Roy Eugene Graham, FAIA
World Heritage USA is pleased to present Roy Eugene Graham, FAIA a 2015 Ann Webster Smith Award in recognition of his many years of leadership and support for ICOMOS and World Heritage USA and for his distinguished body of work in service of the broad goals of international heritage preservation.
Professor Graham became actively involved with World Heritage USA early in his career, serving on the Board of Trustees of World Heritage USA for over 15 years, including a period as Secretary. He co-chaired the ICOMOS International committee on Interpretation and Presentation of Cultural Heritage Sites (ICIP) for a decade. He has frequently represented the United States at ICOMOS Triennial General Assemblies and rendered exemplary service. He served as president/rapporteur of the 1981 General Assembly in Rome and presented a paper at the 15th General Assembly in Xi’an, China (2005). He also represented the US at both the 1987 Washington, DC General Assembly and the 11th General Assembly held in Sofia, Bulgaria in 1996.

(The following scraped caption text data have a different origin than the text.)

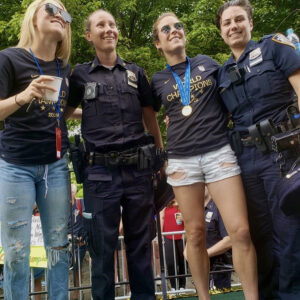 Blair poses with members of the US National Women's Soccer Team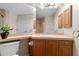 This bathroom features a large mirror, ample cabinet space, neutral countertops, and modern fixtures at 3959 San Rocco Dr # 612, Punta Gorda, FL 33950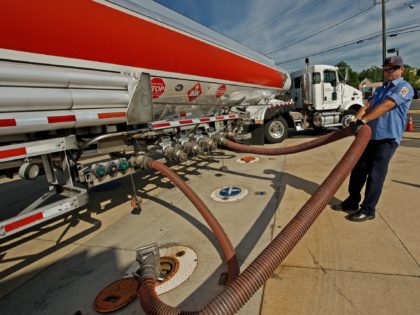 A fuel truck driver for Exxon works air out of the hose as he fills the underground tanks at a Exxon gas station June 25, 2009, in Centreville, Virginia. AFP Photo/Paul J. Richards (Photo credit should read PAUL J. RICHARDS/AFP via Getty Images)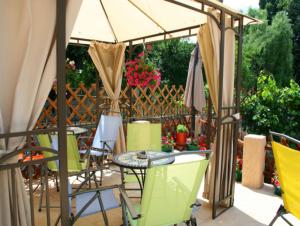 a patio with a table and chairs under an umbrella at Flower's in Bucharest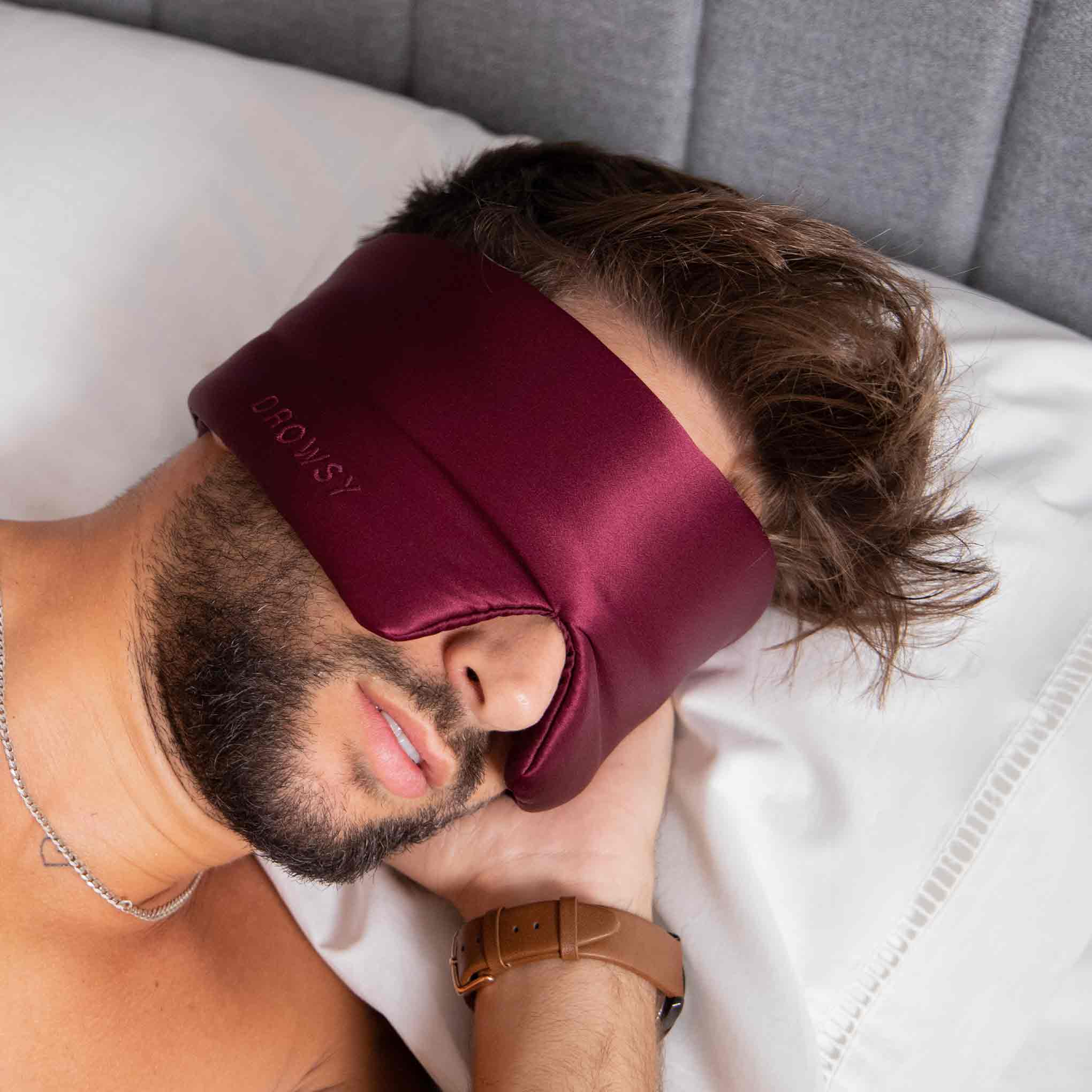 A man with a beard lies on his side in bed, wearing a burgundy satin sleep mask that covers his eyes and part of his face. He has tousled hair, a brown watch, and a thin silver necklace.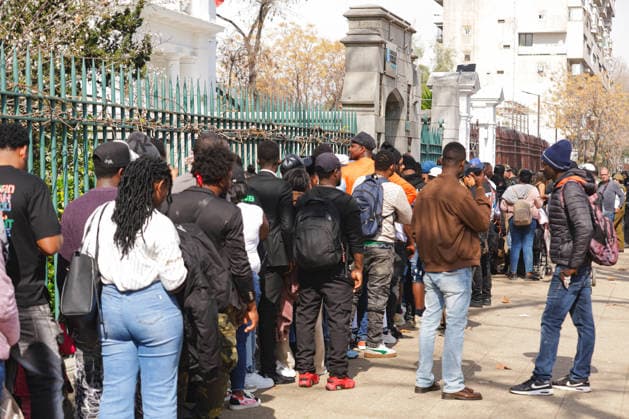 Santiago, August 22, 2026 The Haitian Embassy in Santiago is stormed by Haitian citizens due to issues with embassy staff and excessive fees for the paperwork required to work in Chile. Christian Monsalve Aton Chile, Aton 1182690 jpeg  Copyright: CHRISTIANxMONSALVE ATONxCHILE
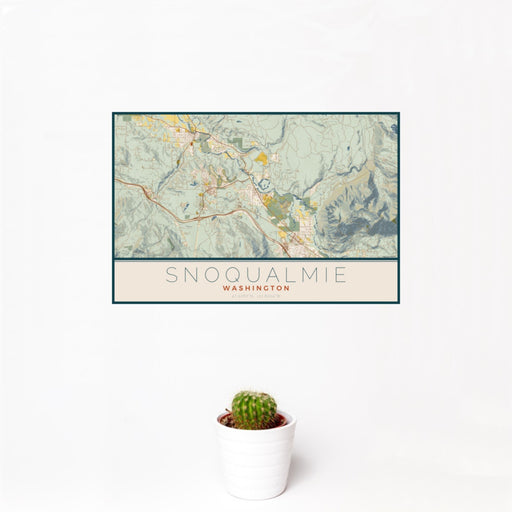 12x18 Snoqualmie Washington Map Print Landscape Orientation in Woodblock Style With Small Cactus Plant in White Planter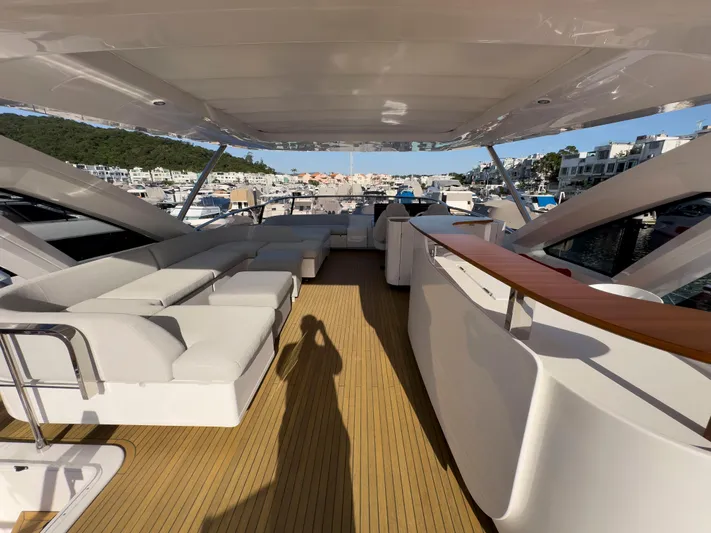  Yacht Photos Pics Luxurious 2020 Azimut GRANDE 25 METRI yacht deck with elegant seating and scenic marina view.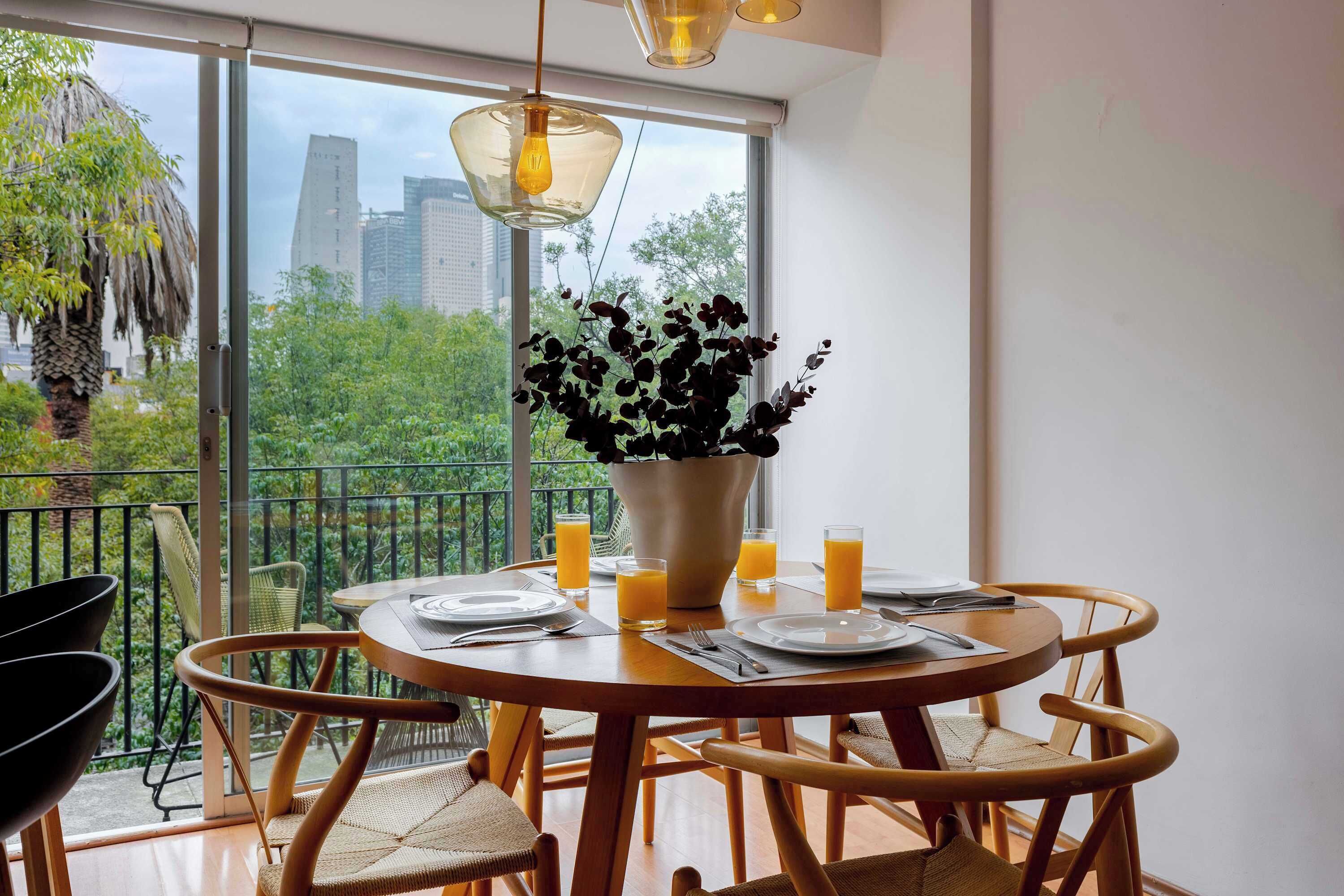 A dining area with a round table, chairs, a vase with flowers, and a city view through large windows.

He has participated in and been a speaker on historic preservation related topics at a number of conferences internationally such as the annual assemblies of the Organization of World Heritage Cities, the Royal Institute of Canadian Architects, and the World Archeological Congress. He was keynote speaker at the Council of Europe meeting in Sarajevo, Bosnia Herzegovina in 1991.
Graham has also had a long a distinguished association with the International Centre for the Study of the Preservation and Restoration of Cultural Property (ICCROM), an intergovernmental organization based in Rome. He was an ICCROM sponsored speaker at meetings in Macedonia, Lithuania, Finland and Latvia. Sent to the Riga meeting by ICCROM, he was the US and ICROM voice in developing the Riga Charter on Authenticity and Historical Reconstruction in Relationship to Cultural Heritage. After he joined the faculty of the Catholic University of America, he established an urban conservation degree program and began working with ICCROM as well as the Pontifical Commission for the Conservation of the Artifacts and Historic Patrimony of the Church.
He organized and received a NAFTA grant for CUCINA (Consortium for Urban Conservation in North America, which included six universities from Canada, the US, and Mexico) that resulted in a student/faculty exchange between the countries.
As a Fellow of the American Institute of Architects and US/ ICOMOS, he is a recognized and well respected expert on architectural heritage conservation. After the earthquake at Assisi, Graham served on a panel of experts giving professional advice to the Italian government on mitigating the damage to the Basilica of St. Francis. He was a part of group of experts from ICCROM who gave professional advice to India on the conservation of the Taj Mahal. In private practice, projects of note included a Conservation Plan for the World Heritage Town of Lunenburg, Canada and an inventory of cultural properties belonging to the Catholic Church in the US.
In 1991, Graham was awarded a Senior Fulbright Professorship at the University of Ljubljana, which led to further Fulbright funding in order for him to establish the Consortium for Urban Conservation in the North Adriatic between Slovenia, ICCROM and the Catholic University. Students produced Heritage Conservation Plans on historic sites in Slovenia and the Balkans.
In 2003, Graham became director of the historic preservation program at the University of Florida. As the Beinecke-Reeves Distinguished Professor, he worked to add historic preservation to the Master’s and Doctorate programs and established the Center for World Heritage Stewardship. At the request of the UNESCO World Heritage Center, he organized and selected speakers from Canada and the US to participate in a symposium on Mid-Century Modern Architecture in North America held in Miami. Professor Graham served on the Advisory Board of the National Park Service’s National Center for Preservation Technology and Training, serving as Chairman and became active on the board of the Florida Trust for Historic Preservation which awarded him The Carl Weinhardt Lifetime Achievement award in 2011 and named a preservation education award for him in 2014. In 2013, he received the James Marston Fitch Preservation Education Lifetime Achievement Award from the National Council for Preservation Education (NCPE).